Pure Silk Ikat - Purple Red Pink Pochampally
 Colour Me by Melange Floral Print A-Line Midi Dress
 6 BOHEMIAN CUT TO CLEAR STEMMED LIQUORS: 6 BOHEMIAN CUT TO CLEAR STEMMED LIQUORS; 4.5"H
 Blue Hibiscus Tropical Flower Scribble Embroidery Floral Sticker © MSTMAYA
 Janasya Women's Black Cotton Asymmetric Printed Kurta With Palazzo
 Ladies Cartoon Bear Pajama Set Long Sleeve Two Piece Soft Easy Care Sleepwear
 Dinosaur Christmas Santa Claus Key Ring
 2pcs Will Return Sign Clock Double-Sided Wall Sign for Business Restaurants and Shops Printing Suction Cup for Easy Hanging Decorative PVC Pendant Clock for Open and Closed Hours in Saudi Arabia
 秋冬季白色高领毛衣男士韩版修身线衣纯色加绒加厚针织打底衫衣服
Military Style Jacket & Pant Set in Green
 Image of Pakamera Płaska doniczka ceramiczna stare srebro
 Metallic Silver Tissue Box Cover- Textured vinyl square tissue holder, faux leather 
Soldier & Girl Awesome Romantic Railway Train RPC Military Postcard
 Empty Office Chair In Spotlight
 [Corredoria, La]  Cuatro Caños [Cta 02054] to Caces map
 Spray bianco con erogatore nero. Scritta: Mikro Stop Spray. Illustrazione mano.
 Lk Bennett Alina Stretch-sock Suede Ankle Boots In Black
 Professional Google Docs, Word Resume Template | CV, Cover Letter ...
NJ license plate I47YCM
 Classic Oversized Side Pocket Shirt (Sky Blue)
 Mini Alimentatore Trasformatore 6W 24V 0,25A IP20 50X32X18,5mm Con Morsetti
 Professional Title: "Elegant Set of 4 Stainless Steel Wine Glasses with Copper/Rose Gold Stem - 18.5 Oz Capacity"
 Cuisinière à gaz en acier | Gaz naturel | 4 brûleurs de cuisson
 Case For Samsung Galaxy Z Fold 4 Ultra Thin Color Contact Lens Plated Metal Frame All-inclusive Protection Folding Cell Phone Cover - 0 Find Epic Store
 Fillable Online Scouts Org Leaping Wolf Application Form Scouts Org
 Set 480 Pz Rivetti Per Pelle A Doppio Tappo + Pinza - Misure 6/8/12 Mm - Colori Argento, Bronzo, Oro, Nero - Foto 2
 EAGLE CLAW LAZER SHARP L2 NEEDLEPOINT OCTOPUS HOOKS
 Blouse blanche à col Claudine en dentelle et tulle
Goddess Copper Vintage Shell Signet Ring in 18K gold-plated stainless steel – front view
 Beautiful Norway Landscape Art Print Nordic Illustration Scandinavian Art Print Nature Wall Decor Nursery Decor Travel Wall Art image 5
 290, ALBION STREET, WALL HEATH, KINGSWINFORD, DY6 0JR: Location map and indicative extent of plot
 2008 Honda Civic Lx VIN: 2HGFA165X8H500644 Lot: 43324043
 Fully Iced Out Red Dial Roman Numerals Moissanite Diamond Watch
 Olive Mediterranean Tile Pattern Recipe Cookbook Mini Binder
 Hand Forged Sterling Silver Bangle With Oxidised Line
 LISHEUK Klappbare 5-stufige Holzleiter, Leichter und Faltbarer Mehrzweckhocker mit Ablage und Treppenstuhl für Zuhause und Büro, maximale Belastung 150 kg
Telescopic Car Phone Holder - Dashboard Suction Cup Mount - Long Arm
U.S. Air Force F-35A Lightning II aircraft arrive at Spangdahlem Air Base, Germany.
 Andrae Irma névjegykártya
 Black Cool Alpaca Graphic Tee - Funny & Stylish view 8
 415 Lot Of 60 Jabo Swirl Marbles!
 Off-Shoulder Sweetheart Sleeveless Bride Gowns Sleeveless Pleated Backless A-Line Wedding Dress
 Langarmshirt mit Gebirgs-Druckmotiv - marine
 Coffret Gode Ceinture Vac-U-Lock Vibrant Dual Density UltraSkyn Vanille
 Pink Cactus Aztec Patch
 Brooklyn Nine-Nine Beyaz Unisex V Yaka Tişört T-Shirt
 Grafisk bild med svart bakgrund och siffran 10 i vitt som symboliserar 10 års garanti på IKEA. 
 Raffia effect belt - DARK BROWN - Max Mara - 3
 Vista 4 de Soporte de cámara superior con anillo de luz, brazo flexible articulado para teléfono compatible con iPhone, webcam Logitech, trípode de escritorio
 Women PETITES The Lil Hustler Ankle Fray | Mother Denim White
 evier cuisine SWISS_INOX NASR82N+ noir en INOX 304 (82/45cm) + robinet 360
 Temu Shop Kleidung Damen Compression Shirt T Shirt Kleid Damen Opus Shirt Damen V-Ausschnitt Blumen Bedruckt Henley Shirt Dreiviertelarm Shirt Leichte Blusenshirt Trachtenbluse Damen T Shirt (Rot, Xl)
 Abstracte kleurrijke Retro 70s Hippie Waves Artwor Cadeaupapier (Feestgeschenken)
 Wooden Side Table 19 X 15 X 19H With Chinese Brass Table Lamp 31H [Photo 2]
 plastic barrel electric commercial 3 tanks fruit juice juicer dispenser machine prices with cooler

=-=-=

ASSIGNMENT:
Whenever a line in the material above holds the string "Blue", copy that line in full.

RESPONSE AREA:
 Blue Hibiscus Tropical Flower Scribble Embroidery Floral Sticker © MSTMAYA
 Classic Oversized Side Pocket Shirt (Sky Blue)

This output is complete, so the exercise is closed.